Stored items from a collection

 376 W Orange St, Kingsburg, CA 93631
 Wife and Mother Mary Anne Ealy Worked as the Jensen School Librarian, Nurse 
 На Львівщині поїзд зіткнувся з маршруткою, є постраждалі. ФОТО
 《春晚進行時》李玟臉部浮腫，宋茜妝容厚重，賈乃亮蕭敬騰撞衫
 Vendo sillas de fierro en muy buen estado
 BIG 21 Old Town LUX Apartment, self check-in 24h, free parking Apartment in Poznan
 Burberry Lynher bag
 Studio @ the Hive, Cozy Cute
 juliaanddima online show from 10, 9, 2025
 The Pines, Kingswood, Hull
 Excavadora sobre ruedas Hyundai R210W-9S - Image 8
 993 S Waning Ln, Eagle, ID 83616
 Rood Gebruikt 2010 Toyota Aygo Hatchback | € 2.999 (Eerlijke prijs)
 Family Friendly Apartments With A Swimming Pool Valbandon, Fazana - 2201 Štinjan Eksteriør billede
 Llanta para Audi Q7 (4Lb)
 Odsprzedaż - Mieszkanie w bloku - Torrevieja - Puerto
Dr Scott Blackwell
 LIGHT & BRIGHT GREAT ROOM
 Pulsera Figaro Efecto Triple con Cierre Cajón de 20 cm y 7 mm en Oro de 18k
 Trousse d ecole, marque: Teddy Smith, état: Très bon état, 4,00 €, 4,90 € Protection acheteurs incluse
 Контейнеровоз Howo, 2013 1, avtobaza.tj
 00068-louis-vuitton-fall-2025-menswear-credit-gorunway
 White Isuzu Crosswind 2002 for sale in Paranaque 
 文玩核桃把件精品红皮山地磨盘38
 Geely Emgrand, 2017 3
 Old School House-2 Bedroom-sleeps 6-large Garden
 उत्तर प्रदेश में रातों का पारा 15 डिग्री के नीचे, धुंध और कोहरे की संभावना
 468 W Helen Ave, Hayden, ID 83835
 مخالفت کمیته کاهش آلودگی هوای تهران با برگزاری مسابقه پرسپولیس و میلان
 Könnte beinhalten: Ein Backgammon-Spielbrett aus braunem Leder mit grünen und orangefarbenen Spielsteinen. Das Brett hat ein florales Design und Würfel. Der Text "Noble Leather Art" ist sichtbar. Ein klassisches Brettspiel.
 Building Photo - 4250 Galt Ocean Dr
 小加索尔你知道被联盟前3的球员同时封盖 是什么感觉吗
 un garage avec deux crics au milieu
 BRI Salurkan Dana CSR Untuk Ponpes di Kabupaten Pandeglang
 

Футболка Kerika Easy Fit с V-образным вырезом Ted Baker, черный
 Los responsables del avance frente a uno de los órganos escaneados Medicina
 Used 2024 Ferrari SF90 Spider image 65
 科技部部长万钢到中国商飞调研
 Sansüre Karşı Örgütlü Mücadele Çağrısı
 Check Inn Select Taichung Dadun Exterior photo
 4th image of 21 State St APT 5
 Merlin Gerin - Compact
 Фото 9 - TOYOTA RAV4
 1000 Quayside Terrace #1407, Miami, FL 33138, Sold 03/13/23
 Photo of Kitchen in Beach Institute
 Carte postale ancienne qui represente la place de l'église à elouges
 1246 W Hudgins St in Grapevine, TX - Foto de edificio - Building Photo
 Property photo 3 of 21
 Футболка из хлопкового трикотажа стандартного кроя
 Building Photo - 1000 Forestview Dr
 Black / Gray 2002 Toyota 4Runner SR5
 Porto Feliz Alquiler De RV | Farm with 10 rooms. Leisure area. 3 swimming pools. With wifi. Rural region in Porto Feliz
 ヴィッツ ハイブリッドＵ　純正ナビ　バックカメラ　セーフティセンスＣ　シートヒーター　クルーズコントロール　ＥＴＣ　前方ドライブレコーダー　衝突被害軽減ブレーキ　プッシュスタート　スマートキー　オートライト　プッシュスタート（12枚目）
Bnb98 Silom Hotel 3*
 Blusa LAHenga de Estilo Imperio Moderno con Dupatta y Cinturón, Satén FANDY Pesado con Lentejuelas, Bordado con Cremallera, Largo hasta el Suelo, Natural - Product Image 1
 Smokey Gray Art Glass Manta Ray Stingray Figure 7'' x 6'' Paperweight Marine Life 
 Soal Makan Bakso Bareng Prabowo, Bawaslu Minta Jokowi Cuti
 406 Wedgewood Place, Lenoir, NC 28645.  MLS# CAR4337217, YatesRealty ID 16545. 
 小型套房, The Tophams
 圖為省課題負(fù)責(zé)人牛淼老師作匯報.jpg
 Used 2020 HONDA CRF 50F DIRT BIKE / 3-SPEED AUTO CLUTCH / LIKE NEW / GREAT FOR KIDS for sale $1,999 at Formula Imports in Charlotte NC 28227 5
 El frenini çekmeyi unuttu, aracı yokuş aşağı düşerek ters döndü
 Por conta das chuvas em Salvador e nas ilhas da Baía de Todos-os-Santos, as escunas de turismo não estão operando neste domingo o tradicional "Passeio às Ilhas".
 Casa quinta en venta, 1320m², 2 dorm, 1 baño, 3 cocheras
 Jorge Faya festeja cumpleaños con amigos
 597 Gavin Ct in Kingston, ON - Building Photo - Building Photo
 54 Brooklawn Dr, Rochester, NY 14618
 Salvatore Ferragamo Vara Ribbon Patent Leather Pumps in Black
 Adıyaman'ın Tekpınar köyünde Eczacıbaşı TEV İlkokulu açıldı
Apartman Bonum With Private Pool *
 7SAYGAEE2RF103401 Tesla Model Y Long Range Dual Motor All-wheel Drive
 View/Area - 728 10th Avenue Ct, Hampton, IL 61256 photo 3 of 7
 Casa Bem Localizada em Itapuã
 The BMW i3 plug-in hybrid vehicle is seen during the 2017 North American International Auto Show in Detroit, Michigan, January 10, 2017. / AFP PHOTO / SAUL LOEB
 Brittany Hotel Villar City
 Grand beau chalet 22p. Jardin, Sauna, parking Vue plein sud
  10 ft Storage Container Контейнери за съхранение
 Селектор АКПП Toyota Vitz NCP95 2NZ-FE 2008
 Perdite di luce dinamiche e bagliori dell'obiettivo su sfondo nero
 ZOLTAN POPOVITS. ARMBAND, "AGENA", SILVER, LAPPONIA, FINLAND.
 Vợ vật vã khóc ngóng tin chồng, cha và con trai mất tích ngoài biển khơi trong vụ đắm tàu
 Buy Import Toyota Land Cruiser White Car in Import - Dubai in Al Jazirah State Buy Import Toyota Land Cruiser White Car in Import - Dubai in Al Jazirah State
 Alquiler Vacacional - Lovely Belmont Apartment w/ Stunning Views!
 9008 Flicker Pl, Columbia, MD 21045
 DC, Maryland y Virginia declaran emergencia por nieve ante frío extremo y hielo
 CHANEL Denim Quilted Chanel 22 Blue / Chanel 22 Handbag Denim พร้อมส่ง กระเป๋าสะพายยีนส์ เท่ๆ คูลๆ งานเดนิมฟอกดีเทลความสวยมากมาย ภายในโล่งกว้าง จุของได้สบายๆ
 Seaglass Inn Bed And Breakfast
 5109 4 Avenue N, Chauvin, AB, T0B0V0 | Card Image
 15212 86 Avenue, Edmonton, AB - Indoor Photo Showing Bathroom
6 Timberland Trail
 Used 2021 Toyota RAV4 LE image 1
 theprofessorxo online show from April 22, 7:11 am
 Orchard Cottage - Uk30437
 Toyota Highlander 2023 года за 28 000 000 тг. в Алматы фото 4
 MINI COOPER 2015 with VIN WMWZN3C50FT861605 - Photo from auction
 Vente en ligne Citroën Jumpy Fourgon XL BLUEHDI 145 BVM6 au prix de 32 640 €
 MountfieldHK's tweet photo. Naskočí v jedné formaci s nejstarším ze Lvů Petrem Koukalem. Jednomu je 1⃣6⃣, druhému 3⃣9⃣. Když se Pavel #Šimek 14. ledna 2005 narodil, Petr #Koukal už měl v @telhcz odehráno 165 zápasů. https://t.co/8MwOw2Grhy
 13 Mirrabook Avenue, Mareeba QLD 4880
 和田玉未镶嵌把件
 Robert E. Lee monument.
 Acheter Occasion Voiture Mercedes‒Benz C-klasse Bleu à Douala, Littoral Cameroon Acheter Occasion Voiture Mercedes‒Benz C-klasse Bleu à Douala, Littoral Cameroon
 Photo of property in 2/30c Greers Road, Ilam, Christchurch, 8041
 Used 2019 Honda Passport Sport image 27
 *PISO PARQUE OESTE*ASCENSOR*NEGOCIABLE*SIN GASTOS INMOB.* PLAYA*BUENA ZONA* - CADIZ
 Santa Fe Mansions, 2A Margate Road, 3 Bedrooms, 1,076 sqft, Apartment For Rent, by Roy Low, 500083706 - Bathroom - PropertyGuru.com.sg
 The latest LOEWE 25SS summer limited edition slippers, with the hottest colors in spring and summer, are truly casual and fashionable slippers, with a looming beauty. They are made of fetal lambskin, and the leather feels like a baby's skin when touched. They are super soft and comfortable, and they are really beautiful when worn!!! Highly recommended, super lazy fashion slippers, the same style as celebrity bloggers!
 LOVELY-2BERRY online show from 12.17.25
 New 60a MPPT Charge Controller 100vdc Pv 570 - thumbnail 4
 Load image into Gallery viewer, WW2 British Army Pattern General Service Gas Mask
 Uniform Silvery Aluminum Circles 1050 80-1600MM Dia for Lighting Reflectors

> [What to work on]:
Output, from the data above, the lines from the line with "15212 86 Avenue, Edmonton, AB" to the line with "Vente en ligne" exactly as they stand, both ends included and nothing else.

> [Answer to this task]:
 15212 86 Avenue, Edmonton, AB - Indoor Photo Showing Bathroom
6 Timberland Trail
 Used 2021 Toyota RAV4 LE image 1
 theprofessorxo online show from April 22, 7:11 am
 Orchard Cottage - Uk30437
 Toyota Highlander 2023 года за 28 000 000 тг. в Алматы фото 4
 MINI COOPER 2015 with VIN WMWZN3C50FT861605 - Photo from auction
 Vente en ligne Citroën Jumpy Fourgon XL BLUEHDI 145 BVM6 au prix de 32 640 €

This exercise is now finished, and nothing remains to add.